Second, ASFA allows for “concurrent planning,” meaning that states can simultaneously begin planning for adoption even while they are working towards family reunification. What’s more, ASFA offers financial rewards to states that meet certain adoption quotas but does not similarly reward family reunification. Under this model, parents are meant to collaborate with case workers toward reunification goals while those same caseworkers are free – and incentivized – to concurrently work towards finding an adoptive family for the children. Even with the best intentions of a social worker, the inherent bias created when you incentivize adoptions renders concurrent planning untenable and undermines the goal of reunification.
Finally, ASFA allows states to bypass requirements that they make reasonable efforts towards reunifying families under certain “aggravated circumstances.” Aggravated circumstances include, for example if a parent has had their rights to a prior child terminated, regardless of how long ago that termination occurred. Imagine a scenario where a teenager loses parental rights to their child because they are young, unemployed, and not in a position to properly care for that child. If that same teenager, 20 years later, has contact with child welfare authorities, the agency would not have to make reasonable efforts to keep the parent and a totally different child together, even though the parent might now be stably housed, gainfully employed, and otherwise capable of caring for the child.
Beyond ASFA’s technical flaws, the law is also a relic of its time. ASFA was passed amid an intense moral panic over “crack babies” and their “unfit” mothers. The severe public judgment of substance use disorder in low-income, Black communities resulted in punitive responses including the removal of many children without providing support for their mothers. This approach stands in stark contrast to the empathy demonstrated to the mostly white mothers affected by the opioid crisis and the policies that followed. ASFA’s castigatory provisions have continued to be implemented most harshly in Black and brown communities, with Black women more likely to have their rights terminated than similarly situated white mothers.

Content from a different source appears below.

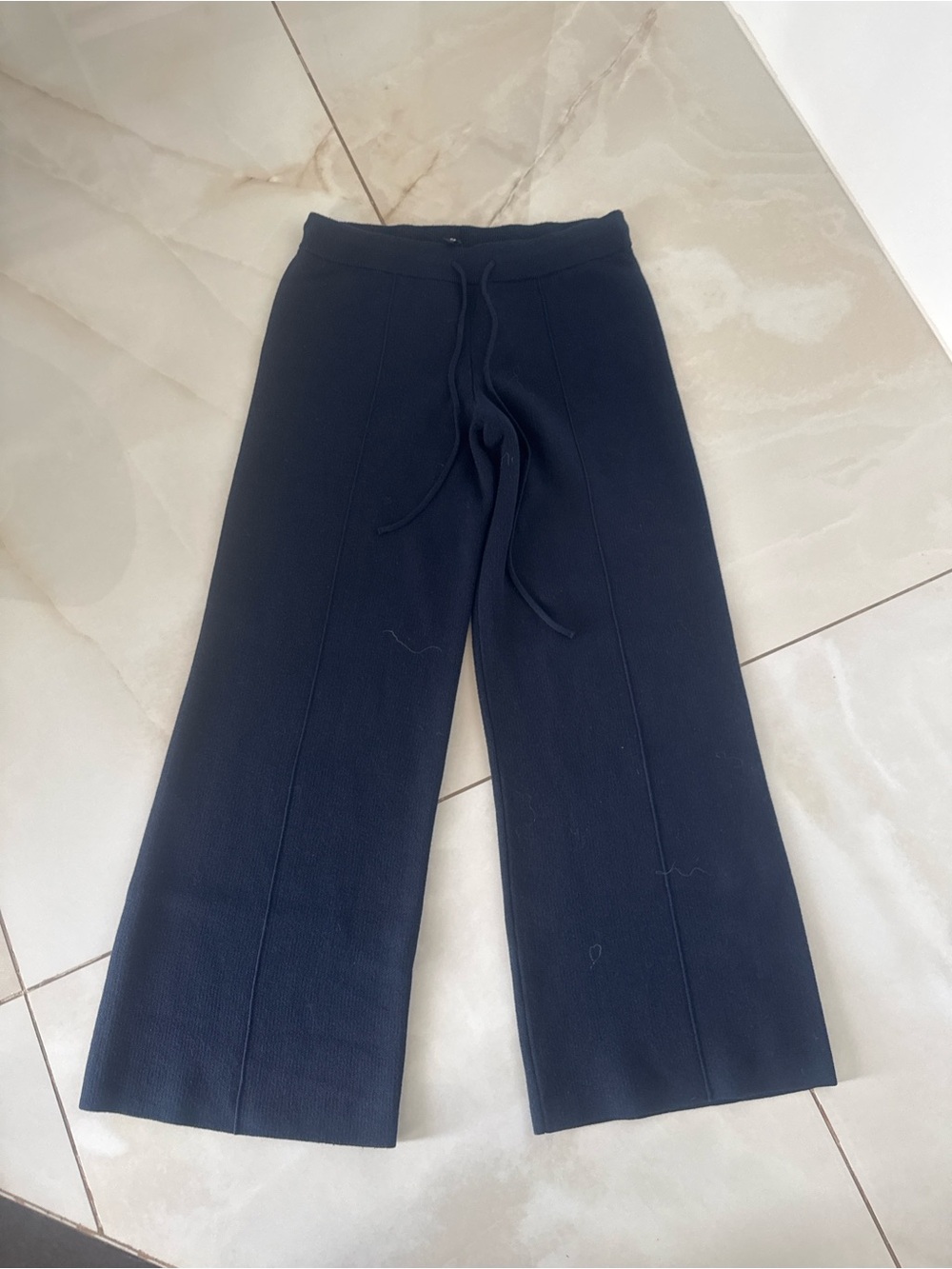 H&M Navy Wide-Leg Drawstring Trousers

As a result of this disproportionate impact on marginalized communities and the overall harm the law has caused families across the board, many impacted parents, advocates, and scholars have called for ASFA’s repeal. In the interim, a proposed federal bill, The 21st Century Children and Families Act, would curb many of ASFA’s most problematic proposals. First, it would prevent termination of parental rights based solely on incarceration or immigration detention, if the parent is actively engaged in services intended to address the underlying reason for state involvement or if a child is placed with kin. It would also extend the timeline for termination so that states could only petition for termination if a child was in foster care for 24 consecutive months and make such filing discretionary rather than mandatory. These changes, among others, are important “non-reformist reforms” in that they “reduce the power of an oppressive system while illuminating the system’s inability to solve the crises it creates.”
In the past 25 years, more than one million children have had their legal relationships with their parents terminated. While some extreme cases exist where children cannot safely be reunified with their families, ASFA is not designed to address this problem. Instead, ASFA is an adoption incentive program that bases termination decisions on a strict timeline regardless of the risk of harm to the children involved. Rather than assess risk, support families, and make thoughtful decisions about how best to proceed, ASFA simply sets a stopwatch. After 25 years, it’s time to stop the clock on ASFA and the damage it inflicts on families.